Case Name: AETNA CASUALTY and SURETY COMPANY Claimant, v. STATE ROAD COMMISSION, Respondent
Court: West Virginia Court of Claims
Jurisdiction: West Virginia
Decision Date: 1946-03-21
Citations: 3 Ct. Cl. 158
Docket Number: No. 500
Parties: AETNA CASUALTY and SURETY COMPANY Claimant, v. STATE ROAD COMMISSION, Respondent.
Judges: 
Reporter: Report of the West Virginia Court of Claims
Volume: 3
Pages: 158–160

Head Matter:
(No. 500
AETNA CASUALTY and SURETY COMPANY Claimant, v. STATE ROAD COMMISSION, Respondent.
Opinion filed March 21, 1946
S. J■ Knapp, for claimant;
W. Bryan Spillers, Assistant Attorney General, for respondent.

Opinion:
ROBERT L. BLAND, Judge.
The claim in this case arises out of the accident for which an award was made in case No. 363-S, Mabscott Supply Company v. State Road Commission, 2 Ct. Claims (W. Va.) 349, in which an opinion was filed July 28, 1944. In that case the claim was for $50.00 and the award was made for that sum. The claim was concurred in by the state road commissioner and approved by an assistant attorney general as a claim which, within the meaning of the court act, should be paid by the state. The facts disclosed by the record in that case revealed that on December 13, 1943, one Charles Hunt, an employee of the state road commission, was driving state road truck No. 1038-13, distributing cinders'on route 19-21, near Prince Hill, Raleigh county, West Virginia, when it collided with a Ford truck owned by said Mabscott Supply Company, which truck was properly parked on the side of the road, and caused damage thereto, to repair which said claimant incurred costs amounting to $80.28. The road commission truck, which ran into the private truck, was being operated, on an ice-covered road, without chains. The claimant carried insurance on its truck, but the insurance policy contained a deductable clause in the sum of $50.00. The Aetna Casualty and Surety Company, claimant in this case, which had issued the policy on the truck, paid the Mabscott Supply Company $30.28, leaving a balance of $50.00 necessary for the repair of the damaged vehicle, for which sum an award was made by the court upon an informal consideration of the record of the claim, prepared by the road commission and filed under section 17 of the court act.

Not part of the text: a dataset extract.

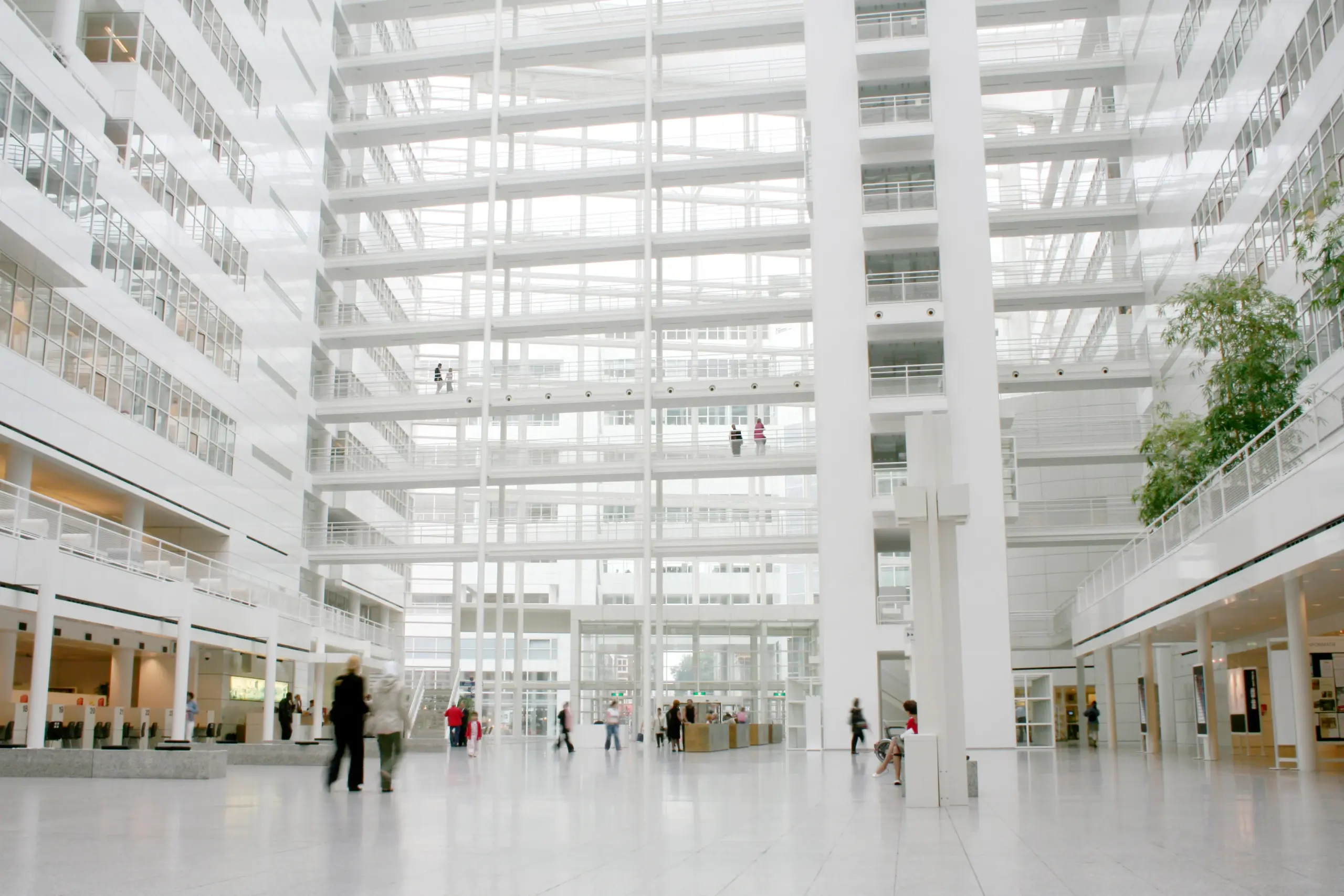 Heating Solutions for Facilities Management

In the present case claimant, Aetna Casualty and Surety Company, seeks an award for the said sum of $30.28, the amount which it was obligated to pay to Mabscott Supply Company under the provisions of the policy of insurance which it had issued in its favor. Although the facts in the Mabscott case and the facts in this case are identical, the state denies responsibility for the payment of the claim.
Claimant prosecutes its claim upon the theory of subrogation. It maintains that since it was obliged under the policy of insurance referred to to pay Mabscott Supply Company the said sum of $30.28 because of the damaged condition of its truck caused by the wrongful act of the employee of the state road commission in colliding with said truck, it has the right to be reimbursed by the state for such payment.

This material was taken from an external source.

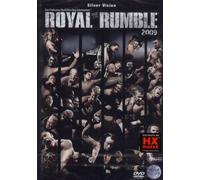 WWE - Royal Rumble 2009 (Steelbook) [Reino Unido] [DVD]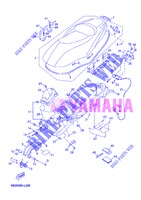 SEDILE per Yamaha YP125RA 2013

It is well known that the doctrine of subrogation is a creature of equity. The application of the rule is intended to do justice. Under the title of subrogation in that splendid authority, American Jurisprudence, vol. 50, section 36, page 706, it is said:
"The doctrine of subrogation may be invoked in favor of persons who are legally obligated to make good a loss caused by the negligent or tortious acts of another. Indemnitors fall within this rule. By contract, express or implied, they bind themselves to save harmless the person indemnified, and where they do so by paying the loss or damage they are undoubtedly entitled to be. subrogated to the indemnitee's rights against the person responsible. A frequent application of subrogation of this character is found in the case of insurers, as, for example, an insurer against employers' liability. Another instance is where an employer, having become obliged to respond in damages for an injury caused solely by his employee's negligence, is subrogated to the injured person's right of action against the employee ."
If the state were suable it is clear, we think, that claimant would be entitled to be subrogated to the right of Mabscott Supply Company to look to the state for the full amount incurred by it in the repair of its damaged car. Since claimant paid $30.28 of that amount it should in the exercise of equity and good conscience be subrogated to the position of the supply company.
Upon full consideration of all the facts arising upon the hearing of the instant claim, we are of the opinion that it is only right and fair that claimant should be reimbursed for the amount which it is obligated to pay and did pay for Mabscott Supply Company and accordingly an award is now made in favor of claimant, Aetna Casualty and Surety Company, for the sum of thirty dollars and twenty-eight cents ($30.28).